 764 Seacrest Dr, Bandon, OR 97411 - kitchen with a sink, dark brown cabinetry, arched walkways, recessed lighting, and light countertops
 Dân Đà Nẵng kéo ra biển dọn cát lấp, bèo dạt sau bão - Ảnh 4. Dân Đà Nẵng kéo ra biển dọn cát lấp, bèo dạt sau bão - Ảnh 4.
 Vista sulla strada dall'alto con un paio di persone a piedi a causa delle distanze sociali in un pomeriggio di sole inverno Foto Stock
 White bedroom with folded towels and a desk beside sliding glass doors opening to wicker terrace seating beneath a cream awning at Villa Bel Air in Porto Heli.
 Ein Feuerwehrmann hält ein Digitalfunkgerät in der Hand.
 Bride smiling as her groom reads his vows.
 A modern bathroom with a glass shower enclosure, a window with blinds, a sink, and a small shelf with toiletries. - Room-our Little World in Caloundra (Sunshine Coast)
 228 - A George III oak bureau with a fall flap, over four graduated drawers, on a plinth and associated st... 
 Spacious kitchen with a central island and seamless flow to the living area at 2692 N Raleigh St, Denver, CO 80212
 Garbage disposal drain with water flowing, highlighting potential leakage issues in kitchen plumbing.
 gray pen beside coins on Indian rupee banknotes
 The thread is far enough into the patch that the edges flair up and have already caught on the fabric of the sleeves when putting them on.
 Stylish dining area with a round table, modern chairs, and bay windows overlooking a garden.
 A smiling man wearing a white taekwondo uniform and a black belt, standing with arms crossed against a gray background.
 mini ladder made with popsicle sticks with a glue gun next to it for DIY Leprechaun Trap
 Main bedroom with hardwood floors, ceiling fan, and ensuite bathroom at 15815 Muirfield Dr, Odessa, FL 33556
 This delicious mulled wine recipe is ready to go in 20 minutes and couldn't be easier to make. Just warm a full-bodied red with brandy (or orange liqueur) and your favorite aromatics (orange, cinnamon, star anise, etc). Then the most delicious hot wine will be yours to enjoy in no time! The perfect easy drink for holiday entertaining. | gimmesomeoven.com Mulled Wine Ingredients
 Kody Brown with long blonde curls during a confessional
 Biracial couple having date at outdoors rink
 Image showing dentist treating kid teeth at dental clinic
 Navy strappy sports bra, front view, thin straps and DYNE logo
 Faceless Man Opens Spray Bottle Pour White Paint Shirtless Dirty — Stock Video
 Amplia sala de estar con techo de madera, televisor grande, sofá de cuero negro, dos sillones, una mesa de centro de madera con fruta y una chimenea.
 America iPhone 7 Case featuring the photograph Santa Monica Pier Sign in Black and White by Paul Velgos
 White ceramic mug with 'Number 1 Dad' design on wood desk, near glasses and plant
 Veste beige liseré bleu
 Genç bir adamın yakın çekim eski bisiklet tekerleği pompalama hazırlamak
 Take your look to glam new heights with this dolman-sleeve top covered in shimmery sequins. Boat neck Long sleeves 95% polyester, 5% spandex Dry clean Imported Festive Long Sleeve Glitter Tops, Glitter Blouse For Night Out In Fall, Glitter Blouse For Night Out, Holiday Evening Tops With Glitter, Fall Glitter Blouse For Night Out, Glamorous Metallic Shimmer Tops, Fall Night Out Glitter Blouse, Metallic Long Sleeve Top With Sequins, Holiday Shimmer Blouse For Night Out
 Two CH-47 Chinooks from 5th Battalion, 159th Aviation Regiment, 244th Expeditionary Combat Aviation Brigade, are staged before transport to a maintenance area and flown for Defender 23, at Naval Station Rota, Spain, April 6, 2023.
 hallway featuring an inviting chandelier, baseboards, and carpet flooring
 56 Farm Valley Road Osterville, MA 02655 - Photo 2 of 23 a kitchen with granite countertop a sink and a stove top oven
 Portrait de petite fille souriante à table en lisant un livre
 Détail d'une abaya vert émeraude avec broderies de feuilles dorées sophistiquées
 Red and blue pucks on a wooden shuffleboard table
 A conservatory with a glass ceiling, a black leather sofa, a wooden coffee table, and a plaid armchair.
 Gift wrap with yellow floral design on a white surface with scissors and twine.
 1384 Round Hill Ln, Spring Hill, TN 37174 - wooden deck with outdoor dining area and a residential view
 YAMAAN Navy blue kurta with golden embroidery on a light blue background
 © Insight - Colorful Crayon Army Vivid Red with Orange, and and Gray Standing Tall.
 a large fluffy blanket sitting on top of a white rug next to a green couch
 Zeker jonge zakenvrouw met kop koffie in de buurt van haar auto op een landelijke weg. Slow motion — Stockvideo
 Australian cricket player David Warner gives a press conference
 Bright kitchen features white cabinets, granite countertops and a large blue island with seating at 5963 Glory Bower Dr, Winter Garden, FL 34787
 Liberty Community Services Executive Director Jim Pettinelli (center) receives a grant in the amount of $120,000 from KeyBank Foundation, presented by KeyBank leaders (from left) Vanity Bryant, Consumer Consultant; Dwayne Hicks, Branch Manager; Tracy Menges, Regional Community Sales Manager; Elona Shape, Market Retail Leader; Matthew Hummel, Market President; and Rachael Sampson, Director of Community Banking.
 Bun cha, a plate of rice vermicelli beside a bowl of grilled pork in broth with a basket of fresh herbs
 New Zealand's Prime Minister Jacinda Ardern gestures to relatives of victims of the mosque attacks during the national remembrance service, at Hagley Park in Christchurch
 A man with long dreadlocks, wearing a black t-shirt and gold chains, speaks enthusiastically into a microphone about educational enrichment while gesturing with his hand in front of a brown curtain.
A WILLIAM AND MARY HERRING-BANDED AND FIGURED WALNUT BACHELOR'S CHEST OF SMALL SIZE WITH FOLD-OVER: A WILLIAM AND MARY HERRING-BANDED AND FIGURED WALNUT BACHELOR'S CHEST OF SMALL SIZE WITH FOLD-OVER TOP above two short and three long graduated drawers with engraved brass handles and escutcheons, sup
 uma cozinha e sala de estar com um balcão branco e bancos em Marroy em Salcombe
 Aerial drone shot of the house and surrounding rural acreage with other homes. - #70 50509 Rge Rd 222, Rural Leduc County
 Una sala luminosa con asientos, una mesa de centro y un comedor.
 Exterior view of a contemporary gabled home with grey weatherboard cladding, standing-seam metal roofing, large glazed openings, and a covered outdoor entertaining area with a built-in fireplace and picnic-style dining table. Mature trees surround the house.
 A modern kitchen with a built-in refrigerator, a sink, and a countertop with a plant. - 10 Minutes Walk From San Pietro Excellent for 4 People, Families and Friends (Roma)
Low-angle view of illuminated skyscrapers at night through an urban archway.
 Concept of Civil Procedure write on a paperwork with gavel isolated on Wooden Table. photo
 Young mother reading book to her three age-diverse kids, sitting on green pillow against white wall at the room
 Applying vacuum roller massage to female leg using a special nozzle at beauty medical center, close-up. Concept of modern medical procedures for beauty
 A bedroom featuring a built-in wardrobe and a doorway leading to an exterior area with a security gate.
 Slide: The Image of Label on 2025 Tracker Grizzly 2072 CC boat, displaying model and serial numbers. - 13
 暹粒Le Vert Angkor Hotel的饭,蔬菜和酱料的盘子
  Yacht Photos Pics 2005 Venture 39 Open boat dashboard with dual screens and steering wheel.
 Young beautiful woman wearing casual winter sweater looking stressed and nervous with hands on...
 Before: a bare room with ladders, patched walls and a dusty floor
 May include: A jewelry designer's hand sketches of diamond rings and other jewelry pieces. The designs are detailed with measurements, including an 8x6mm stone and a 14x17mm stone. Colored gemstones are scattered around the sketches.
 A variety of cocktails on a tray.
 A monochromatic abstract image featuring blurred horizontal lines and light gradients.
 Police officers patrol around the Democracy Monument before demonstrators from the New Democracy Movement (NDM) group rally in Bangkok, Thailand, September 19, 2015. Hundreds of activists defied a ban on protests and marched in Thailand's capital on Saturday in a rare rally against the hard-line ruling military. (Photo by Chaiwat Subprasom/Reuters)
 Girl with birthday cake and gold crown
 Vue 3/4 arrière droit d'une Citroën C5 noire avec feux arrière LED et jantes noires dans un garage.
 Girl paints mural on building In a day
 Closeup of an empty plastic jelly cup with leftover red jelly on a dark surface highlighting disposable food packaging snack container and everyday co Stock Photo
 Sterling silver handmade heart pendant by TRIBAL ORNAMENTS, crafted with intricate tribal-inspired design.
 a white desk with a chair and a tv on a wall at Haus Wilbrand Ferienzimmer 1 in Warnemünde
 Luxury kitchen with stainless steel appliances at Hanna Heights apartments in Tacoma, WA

TO DO: Set down, exactly as they appear above, all lines from the one that has "Girl with birthday cake and gold crown" down to the one that has "Girl paints mural on building In a day", including those two and no others.

ANSWER SPACE:
 Girl with birthday cake and gold crown
 Vue 3/4 arrière droit d'une Citroën C5 noire avec feux arrière LED et jantes noires dans un garage.
 Girl paints mural on building In a day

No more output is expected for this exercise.